I like to make a histogram of some data that is saved in a nested BigQuery table. In a simplified manner the table can be created in the following way:
CREATE TEMP TABLE Sessions (
id int,
hits
ARRAY<
STRUCT<
pagename STRING>>
);
INSERT INTO Sessions (id, hits)
VALUES
( 1,[STRUCT('A'),STRUCT('A'),STRUCT('A')]),
( 2,[STRUCT('A')]),
( 3,[STRUCT('A'),STRUCT('A')]),
( 4,[STRUCT('A'),STRUCT('A')]),
( 5,[]),
( 6,[STRUCT('A')]),
( 7,[]),
( 8,[STRUCT('A')]),
( 9,[STRUCT('A')]),
(10,[STRUCT('A'),STRUCT('A')]);
and it looks like
id
hits.pagename
1
A
A
A
2
A
3
A
A
and so on for the other ids.
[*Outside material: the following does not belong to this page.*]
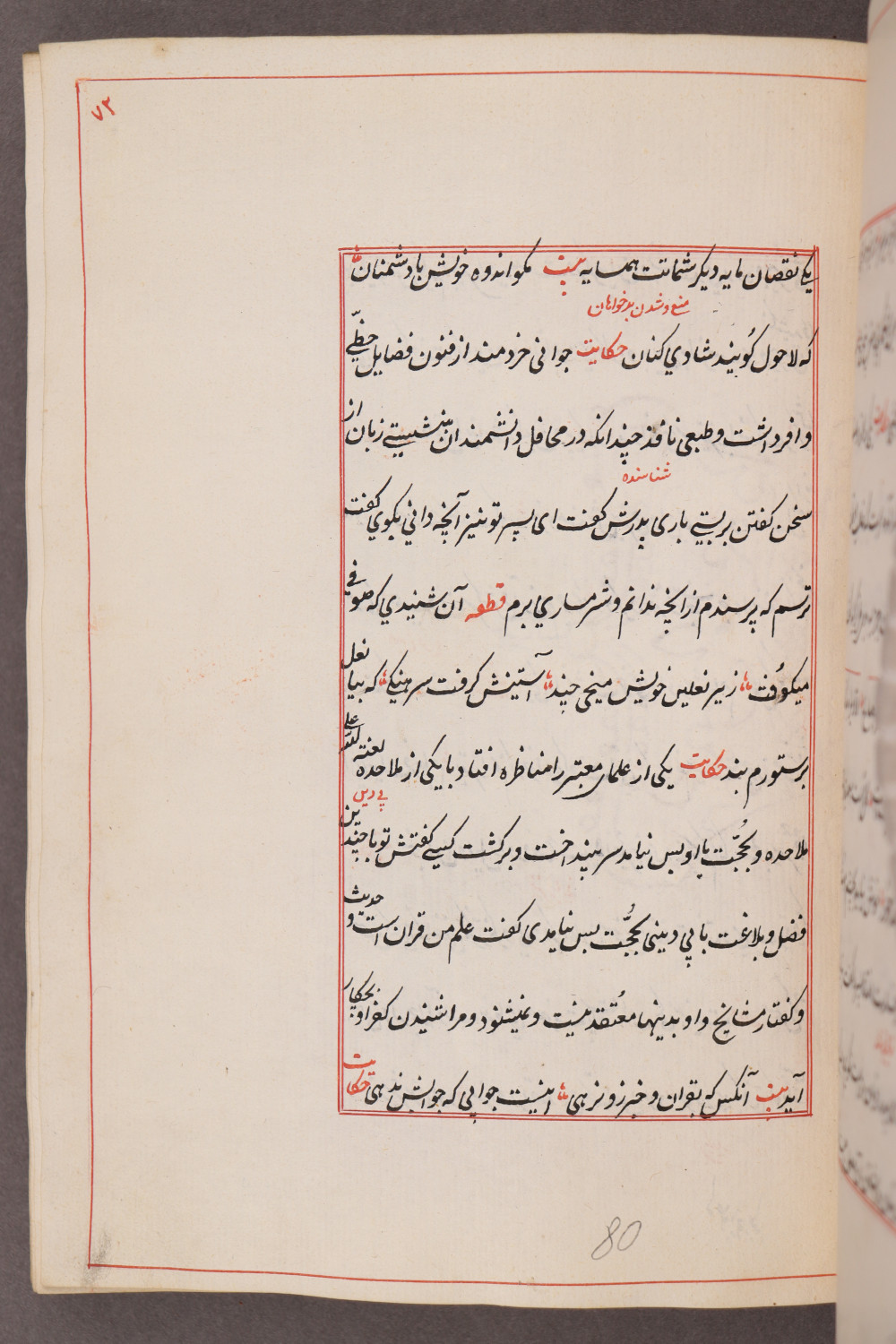 Folio 72 recto (80 a)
My goal is to obtain a histogram showing the distribution of A-occurences per id in data studio. The report for the MWE can be seen here: link
So far I created a calculated field called pageviews that evaluates the wanted occurences for each session via SUM(IF(hits.pagename="A",1,0)). Looking at a table showing id and pageviews I get the expected result:
table showing the number of occurences of page A for each id
However, the output of the calculated field is a metric, which might cause trouble for the following. In the next step I wanted to follow the procedure presented in this post. Therefore, I created another field bin to assign my sessions to bins according to the homepageviews as:
CASE
WHEN pageviews = 0 OR pageviews = 1 THEN "bin 1"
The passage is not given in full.